NASCAR sold its soul.
NASCAR succeeded in the periphery of the mainstream. Its
first live race on broadcast television ended with three men – two of them
brothers – brawling like
rednecks next to mangled cars in Daytona, Florida.
For the next two decades, NASCAR built itself up organically
and through sheer force of will. At the forefront of this Southern revolution
was Dale Earnhardt, with his famous moustache and Man in Black routine that
instantly resonated with a whole lot of folks.
Always a popular sport, NASCAR rode Earnhardt to the
forefront of the sporting culture. Everything revolved around him.
The brilliance of Dale was his unique ability to sell out
like crazy while not selling out at all. When a band lends its song to a
commercial, the fans whine. When Dale lent his voice to a product, the fans bought.
Dale Earnhardt was a marketing tour de force, up there with
the greatest in terms of athlete pitchmen, alongside Michael Jordan and Tiger
Woods. Dale Earnhardt moved product.
It felt different when the 2001 Daytona 500 came around, as
many tributes
to Dale this week have mentioned. Dodge was returning to the sport. Fox was
televising its first NASCAR race as part of a new multi-billion dollar deal.
The era of TNN races – that would be The Nashville Network – and courtesy
coverage from the sports departments at major newspapers were over.

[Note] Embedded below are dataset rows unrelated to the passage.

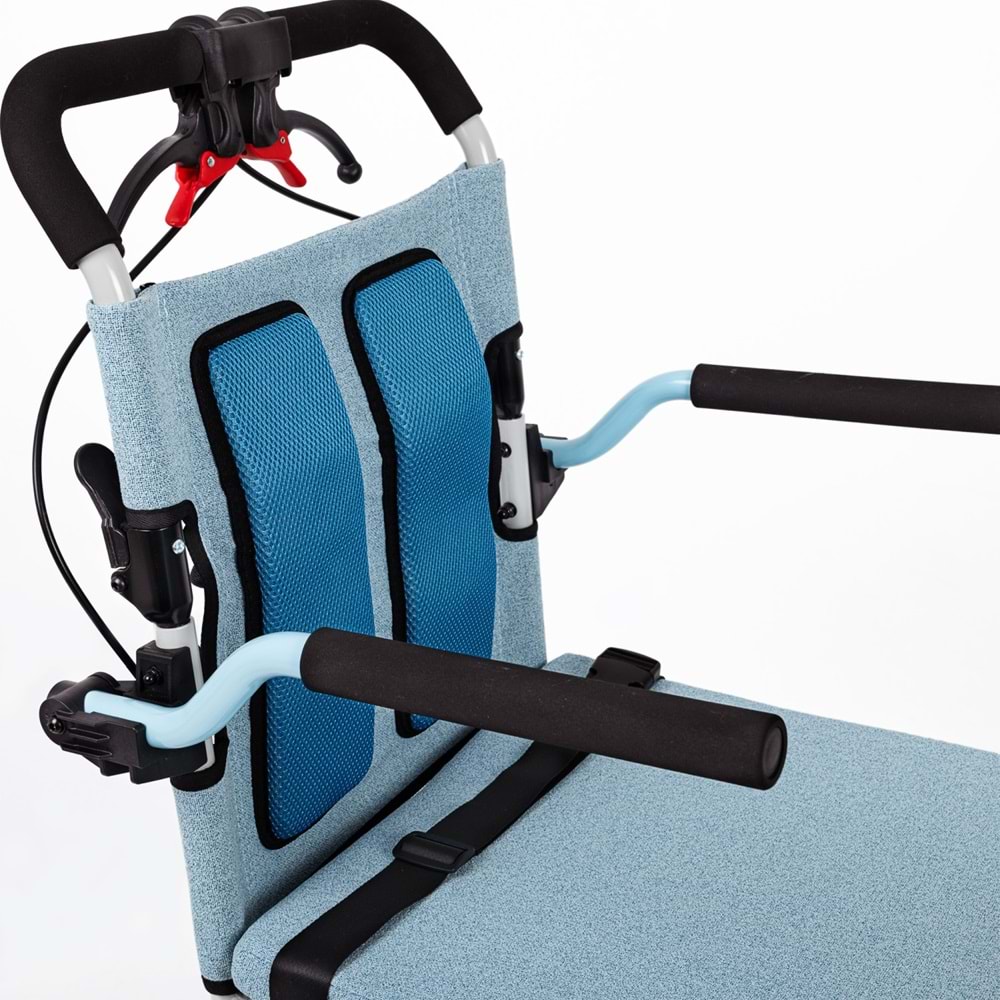 Comfort Plus DY01409LJ Mavi Alüminyum Transfer Tekerlekli Sandalye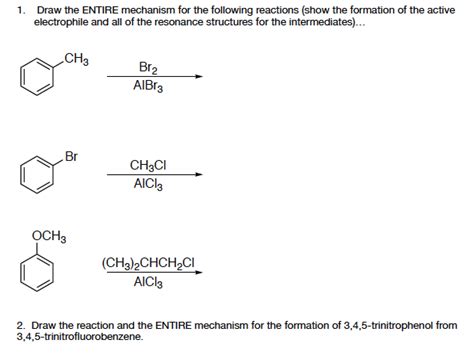 Solved 1 Draw the ENTIRE mechanism for the following | Chegg.com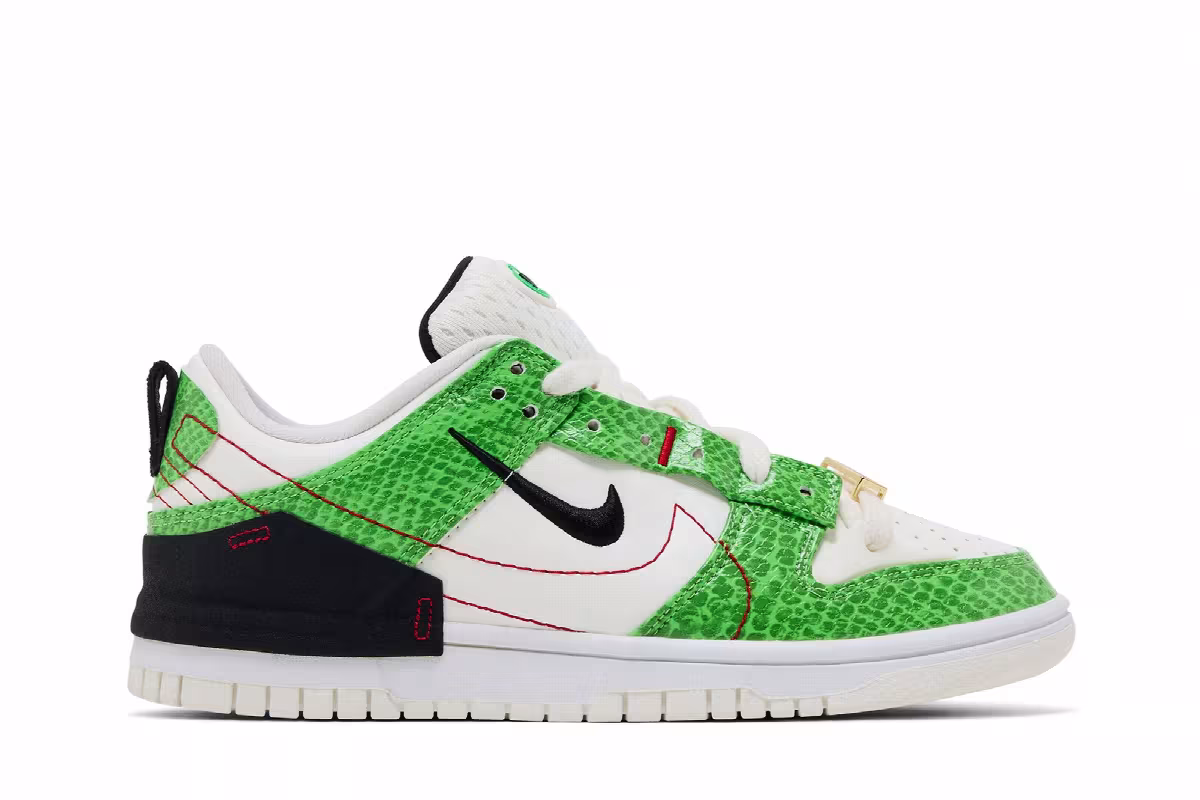 Nike Women's Dunk Low Disrupt 2 Green Snakeskin, view 2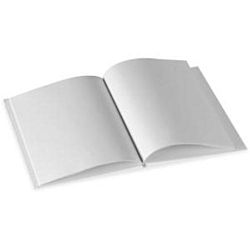 White Hardcover Blank Book, 8 1⁄2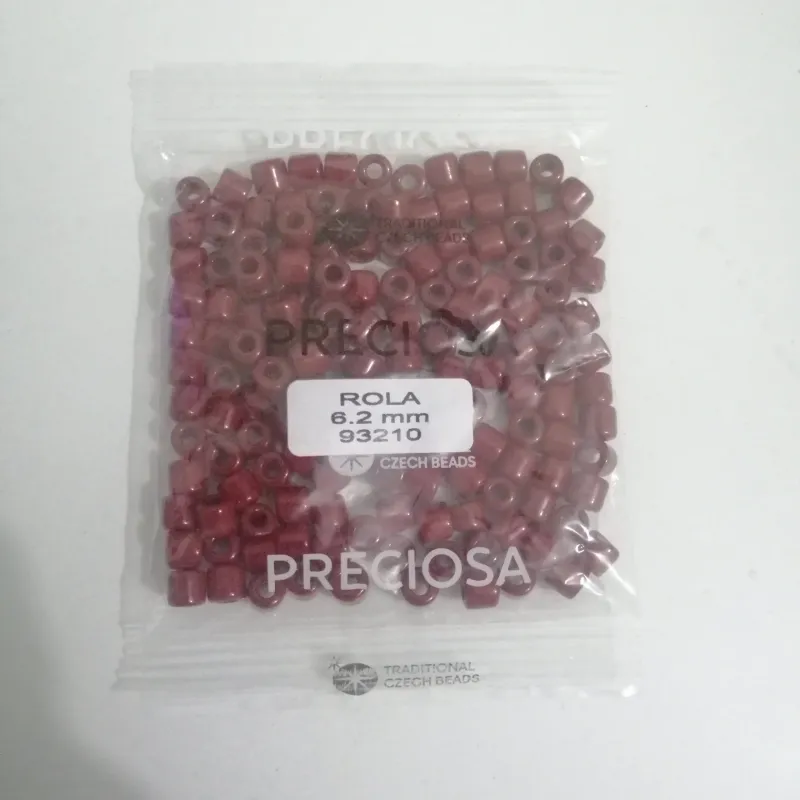 Preciosa Rola Beads 93210 6.2mm 3.5 Oz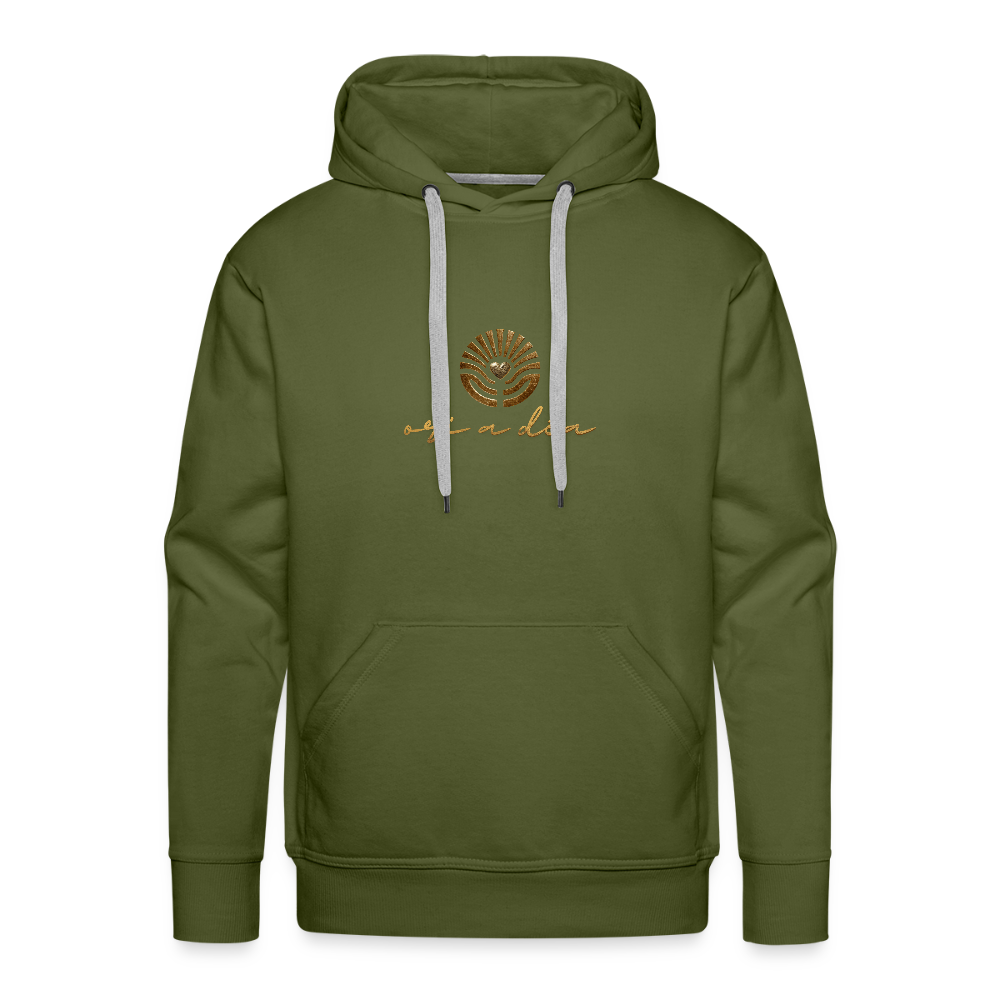Männer Premium Hoodie ORI A DÉA - Olivgrün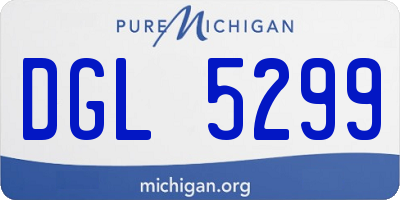 MI license plate DGL5299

But even as the green flag dropped that day, no one knew how
big NASCAR had become. More specifically, no one on Madison Avenue fully
grasped the sport’s influence.
I watched every lap of that Daytona 500 with my college
roommate as we nursed massive hangovers. When the race concluded, I watched one
replay of the fatal last-lap crash, turned the television off and took a
much-needed nap. I had no idea what I had just seen.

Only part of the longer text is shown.